When that Russian boy looks at that box ten years from now, will he remember me with pleasure or with disappointment? If I expressed love for what he loved, his love will grow to be more far-reaching. He will share it with his children. But, if I failed to love what he loved, if he felt isolated and unappreciated in the thing he so enjoyed that day, that could be the spirit he would carry with him into his own parenting. Years from now, he would pick up his old box and feel a little sad that no one ever understood him, that no one cared. He would place it back on the shelf… wishing… sadly remembering.
I don’t mean to imply that if I had failed to enjoy his handiwork that one time, his life would have been ruined. Children can absorb a considerable amount of our inconsistencies and not be permanently handicapped. It is the general tenor of our attitudes and the accumulation of all our responses that mold the child’s soul.

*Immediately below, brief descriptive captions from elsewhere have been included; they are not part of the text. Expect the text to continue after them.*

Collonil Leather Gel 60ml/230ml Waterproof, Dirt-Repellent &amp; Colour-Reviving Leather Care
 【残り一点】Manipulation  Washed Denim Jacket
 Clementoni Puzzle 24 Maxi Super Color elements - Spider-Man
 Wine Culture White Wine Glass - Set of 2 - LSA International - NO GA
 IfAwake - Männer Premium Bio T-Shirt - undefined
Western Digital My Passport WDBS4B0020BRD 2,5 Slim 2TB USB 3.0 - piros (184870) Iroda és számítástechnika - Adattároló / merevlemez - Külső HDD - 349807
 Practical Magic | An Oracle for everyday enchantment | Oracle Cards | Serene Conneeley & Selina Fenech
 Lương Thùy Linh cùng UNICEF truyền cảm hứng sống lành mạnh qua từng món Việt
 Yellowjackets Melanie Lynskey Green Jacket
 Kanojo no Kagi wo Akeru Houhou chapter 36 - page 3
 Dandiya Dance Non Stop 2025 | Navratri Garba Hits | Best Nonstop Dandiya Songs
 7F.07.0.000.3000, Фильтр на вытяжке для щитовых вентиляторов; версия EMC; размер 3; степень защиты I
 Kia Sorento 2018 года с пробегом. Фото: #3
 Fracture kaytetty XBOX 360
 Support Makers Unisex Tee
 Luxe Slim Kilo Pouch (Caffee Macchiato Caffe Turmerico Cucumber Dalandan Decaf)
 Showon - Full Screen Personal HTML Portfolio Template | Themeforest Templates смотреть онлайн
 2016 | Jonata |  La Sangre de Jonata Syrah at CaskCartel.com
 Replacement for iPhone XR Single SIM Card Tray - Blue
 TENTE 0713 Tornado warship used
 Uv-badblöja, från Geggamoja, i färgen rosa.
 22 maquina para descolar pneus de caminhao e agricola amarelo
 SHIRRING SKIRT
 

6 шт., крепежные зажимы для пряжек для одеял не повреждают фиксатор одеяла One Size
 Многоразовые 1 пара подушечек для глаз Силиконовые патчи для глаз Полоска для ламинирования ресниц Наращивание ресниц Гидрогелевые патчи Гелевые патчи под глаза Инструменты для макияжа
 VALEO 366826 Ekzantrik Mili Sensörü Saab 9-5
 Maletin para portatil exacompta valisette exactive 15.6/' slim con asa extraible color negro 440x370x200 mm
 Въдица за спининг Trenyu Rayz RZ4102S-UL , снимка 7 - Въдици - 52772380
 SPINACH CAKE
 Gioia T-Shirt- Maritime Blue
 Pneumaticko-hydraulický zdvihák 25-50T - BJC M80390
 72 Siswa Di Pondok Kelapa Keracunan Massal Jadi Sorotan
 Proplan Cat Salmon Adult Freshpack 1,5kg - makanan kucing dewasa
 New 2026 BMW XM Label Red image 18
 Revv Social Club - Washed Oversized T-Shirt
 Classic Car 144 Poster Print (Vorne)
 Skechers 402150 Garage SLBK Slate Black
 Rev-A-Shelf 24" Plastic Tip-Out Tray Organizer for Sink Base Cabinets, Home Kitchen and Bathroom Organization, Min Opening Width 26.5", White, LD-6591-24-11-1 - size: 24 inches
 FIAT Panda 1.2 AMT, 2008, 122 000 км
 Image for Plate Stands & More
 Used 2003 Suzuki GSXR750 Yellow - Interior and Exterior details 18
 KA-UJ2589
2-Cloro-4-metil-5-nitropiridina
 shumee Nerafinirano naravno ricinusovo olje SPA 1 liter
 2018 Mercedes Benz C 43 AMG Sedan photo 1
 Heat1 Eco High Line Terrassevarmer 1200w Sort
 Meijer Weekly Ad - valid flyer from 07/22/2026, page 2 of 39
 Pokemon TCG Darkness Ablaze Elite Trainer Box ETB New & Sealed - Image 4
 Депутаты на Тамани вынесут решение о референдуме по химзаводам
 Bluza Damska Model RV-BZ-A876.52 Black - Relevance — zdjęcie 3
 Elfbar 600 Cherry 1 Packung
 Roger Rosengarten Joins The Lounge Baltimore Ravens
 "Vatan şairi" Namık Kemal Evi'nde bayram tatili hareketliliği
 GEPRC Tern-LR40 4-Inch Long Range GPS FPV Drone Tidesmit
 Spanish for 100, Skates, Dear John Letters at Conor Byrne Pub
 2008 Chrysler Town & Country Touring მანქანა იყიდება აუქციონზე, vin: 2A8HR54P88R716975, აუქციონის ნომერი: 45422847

There is much more to training a child than loving what he loves, but if that one critical element is missing, virtually nothing else will ever be right. I have few best friends—less than a handful, but those whom I would so designate are people who are interested in what interests me. If I am excited about something, they are too. If I love it, they immediately think it something of value. My best friends are always interested. They are never busy or indifferent. I trust them with my reputation, my money, my family, and personal knowledge of me. They love what I love. They love me. If your child is going to be your best friend when he or she is grown, you must love what they love: when they are three, and when they are thirteen. It is what makes the world go round and makes children come back around and call their parents blessed.